Per Leertaste startet und beendet man die Interaktion mit einem Objekt – oder mehreren, so können Objekte zwischen mehreren Inventaren gleichzeitig hin- und hergeschaufelt werden. Aber: „Was passiert, wenn ich jetzt die Leertaste drücke?“ – eine Frage, die eine klarere, eindeutige Antwort vertragen würde. Wer seinen Clonk von einem Gebäude oder einer Lore weg bekommen will, braucht sich nicht die Mühe zu machen darauf zu achten, welche Menüs offen und welche Interaktion gestartet ist. Auf die Leertaste hämmern bis die Richtungstasten wieder reagieren geht schneller – kein gutes Zeichen.
Ganz vertrackt wurde es für uns, als wir eine Lore vor unserem Schmelzofen abstellten: Dann lässt der Clonk auf Druck der Leertaste gar nicht mehr die Lore los, sondern öffnet oder schließt das Schmelzofenmenü. Stattdessen muss das richtige Icon am unteren Bildschirmrand mit der Maus angesteuert werden.
Mit Escape direkt alle Menüs zu schließen geht leider auch nicht, stattdessen öffnet sich der „Runde beenden?“-Dialog. Hier sehen wir eindeutig eine verschenkte Chance, denn schnell zurück zum Spiel kommen zu wollen ist der deutlich häufigere Fall.

Steuerung

So mancher Spieler hatte nie richtig das Gefühl, seine Clonks zu beherrschen (Nachtfalter und Nachtschatten heben die Hand). Dazu blieben die Clonks zu oft immer wieder an Materialpixeln hängen, waren gerade damit beschäftigt an einer kniehohen „Wand“ zu klettern oder steckten im Boden des Fahrstuhlkorbs fest. Da dies im starken Kontrast dazu steht, dass Clonks ansonsten sehr direkt auf Tastatureingaben reagieren, fallen solche Unterbrechungen besonders unangenehm auf.
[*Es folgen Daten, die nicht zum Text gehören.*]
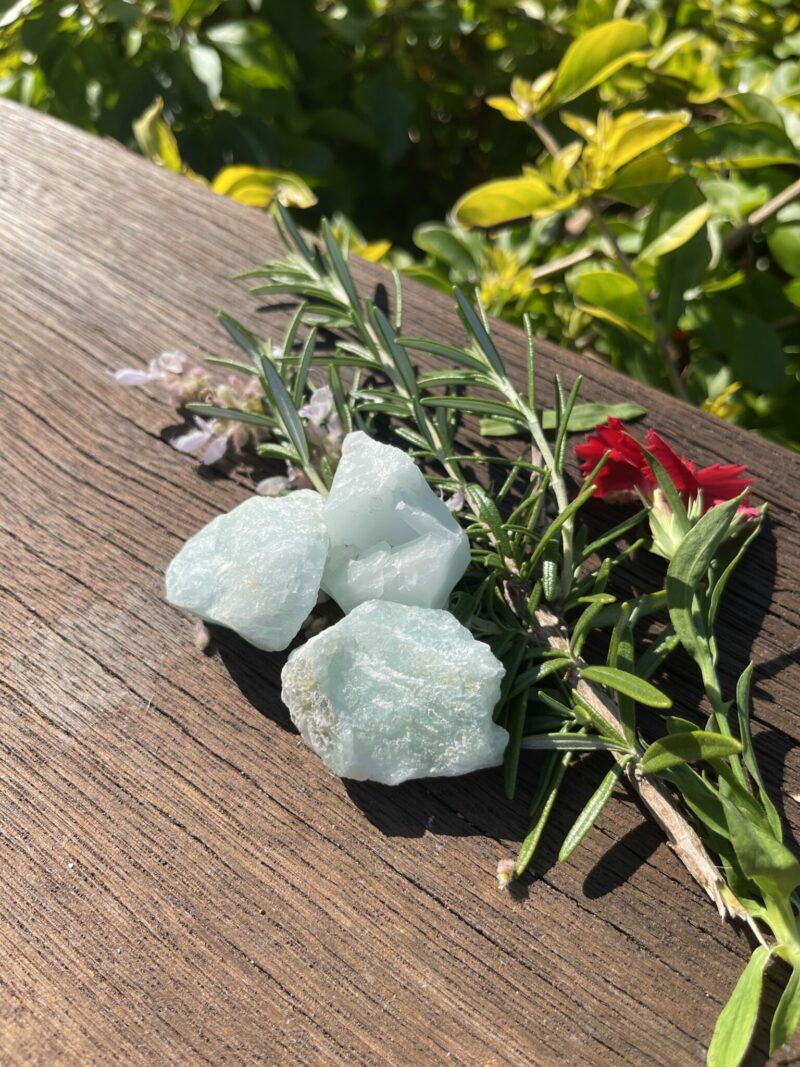 This is Raw Aquamarine - Echoes of the Ocean’s Serenity (20-25g)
Die zwei Hand-Slots sind verwirrend und kosten Zeit, wenn man etwa eine Reihe von Flints nacheinander werfen möchte. Besser wäre es, man hätte nur einen Slot und könnte mit dem Mausrad schnell durch sein Inventar scrollen. Das Mausrad betätigt aber stattdessen den Zoom. Wir finden diese Funktion dort fehlplatziert – man braucht ihn nicht so oft, dass der schnelle Zugang per Mausrad gerechtfertigt wäre.

Gebäude

Oh großer Windradgott, nimm unsere Gaben...

Wie man Gebäude repariert wurde uns nicht ersichtlich. Im Laufe des Szenarios fiel uns ein Flint auf ein Windrad, das kurz anbrannte und danach als Baustelle herumstand. Wir versuchten den Hammer zu benutzen, Leertaste zur Interaktion, in unserer Verzweiflung sogar Doppel-Runter wie man es aus Clonk Rage kennt. Nichts half. Im OC-Forum fragten wir nach und bekamen nur ein spöttisches „Das hätte wohl nicht passieren sollen“„Geile Antwort! :D“ zurück, und Entwickler unterhielten sich über (für uns als Spieler) irrelevante Implementierungsdetails. Erst einen Tag später klärte man uns auf: Nein, es ist nicht möglich. Dass es keine 24-Stunden-Hotline gibt ist soweit in Ordnung, die restlichen Antworten nerven den hilfesuchenden Spieler. Offenbar ist man im Team aber der Meinung, das könne man sich leisten.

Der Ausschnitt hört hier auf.